** Supplied data follows **

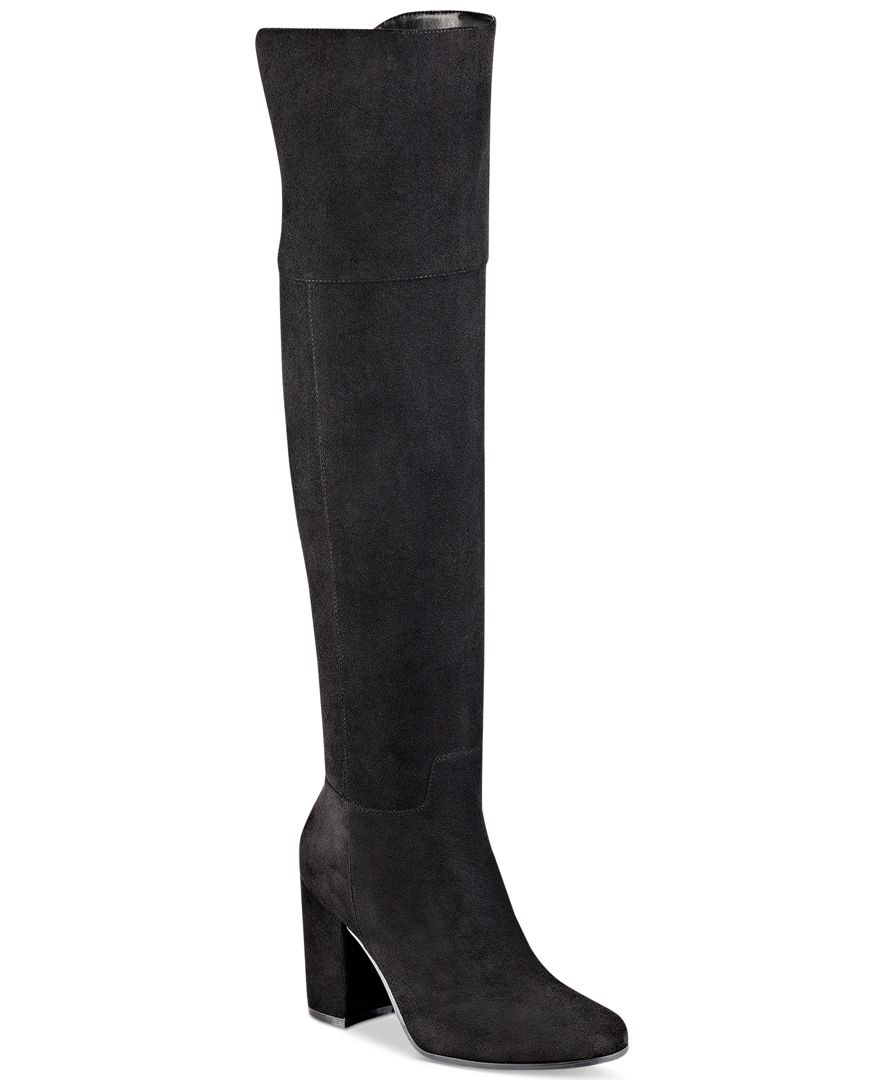 Tommy Hilfiger Suede Neela Over-the-knee Boots in Black - Lyst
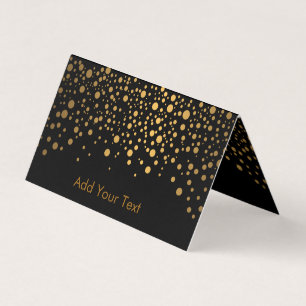 Carte De Visite Confetti noir et or élégant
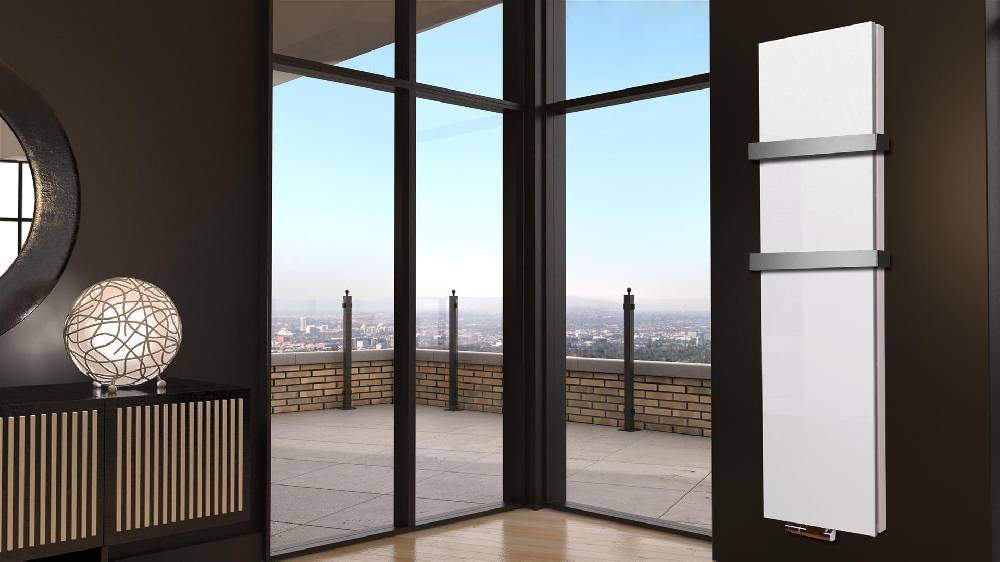 Szagato BADHEIZKÖRPER Design Mirror Steel 6 180x47cm 1964 Watt weiß +2 Halter 50mm SZAGATO Designheizkörper Handtuchheizkörper Mittelanschluss Handtuchwärmer Fabrikladen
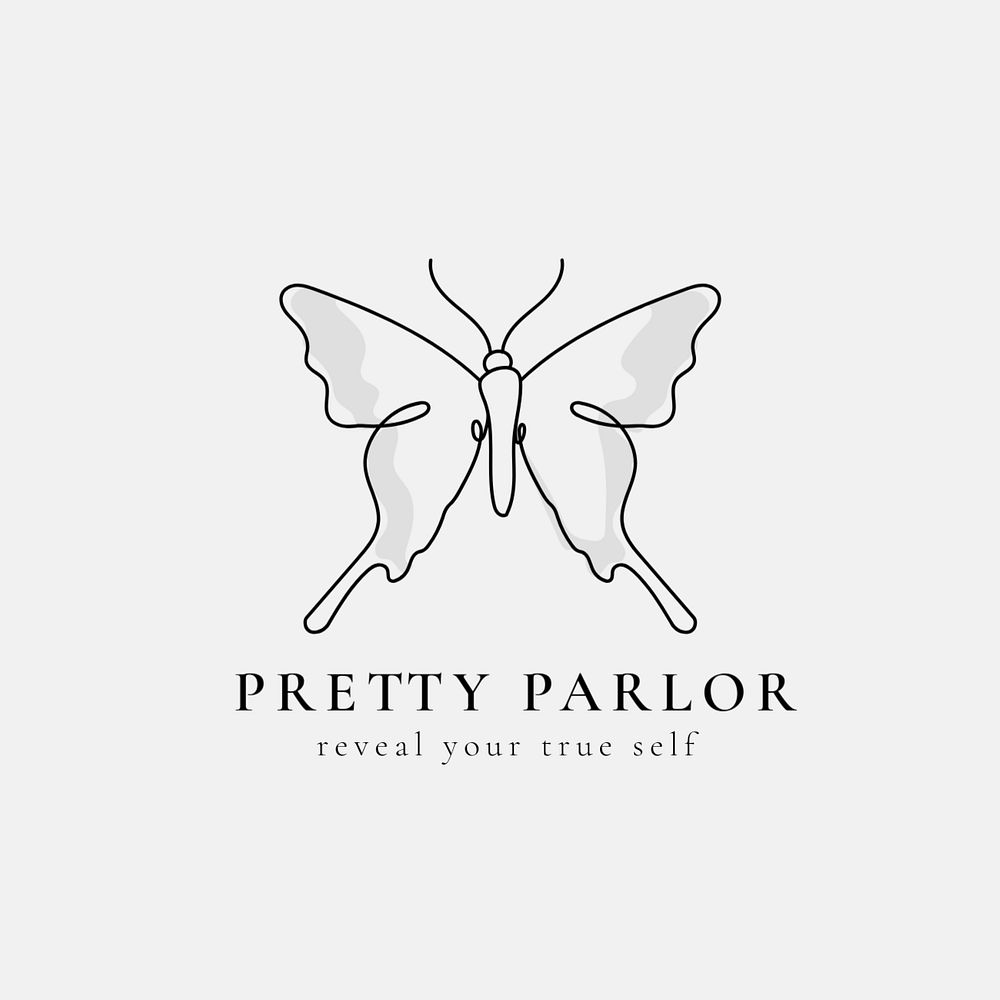 Butterfly badge fashion logo template, editable minimal design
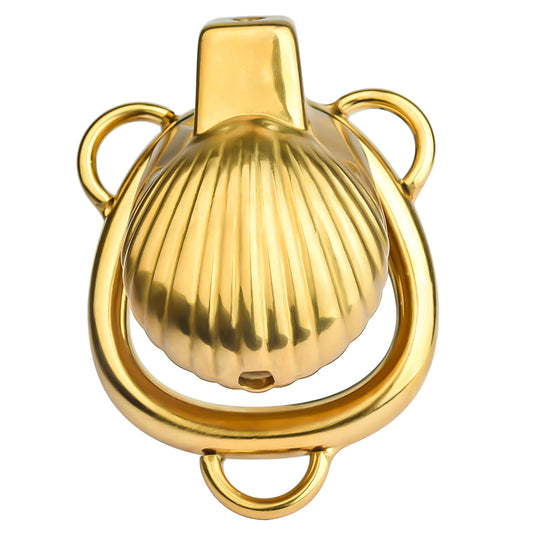 Goldfarbener Muschel-Käfig von vorne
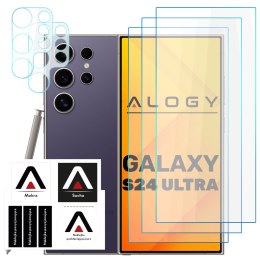 Szkło hartowane do Samsung Galaxy S24 Ultra 3x na ekran + 2x na obiektywy aparatu Lens Pro+ 9H Alogy zestaw szkieł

** End of Supplied data **

> Work order:
Pictures should be left out when the records above are restated exactly.

> Answer box:
 Tommy Hilfiger Suede Neela Over-the-knee Boots in Black - Lyst
 Carte De Visite Confetti noir et or élégant
 Szagato BADHEIZKÖRPER Design Mirror Steel 6 180x47cm 1964 Watt weiß +2 Halter 50mm SZAGATO Designheizkörper Handtuchheizkörper Mittelanschluss Handtuchwärmer Fabrikladen
 Butterfly badge fashion logo template, editable minimal design
 Goldfarbener Muschel-Käfig von vorne
 Szkło hartowane do Samsung Galaxy S24 Ultra 3x na ekran + 2x na obiektywy aparatu Lens Pro+ 9H Alogy zestaw szkieł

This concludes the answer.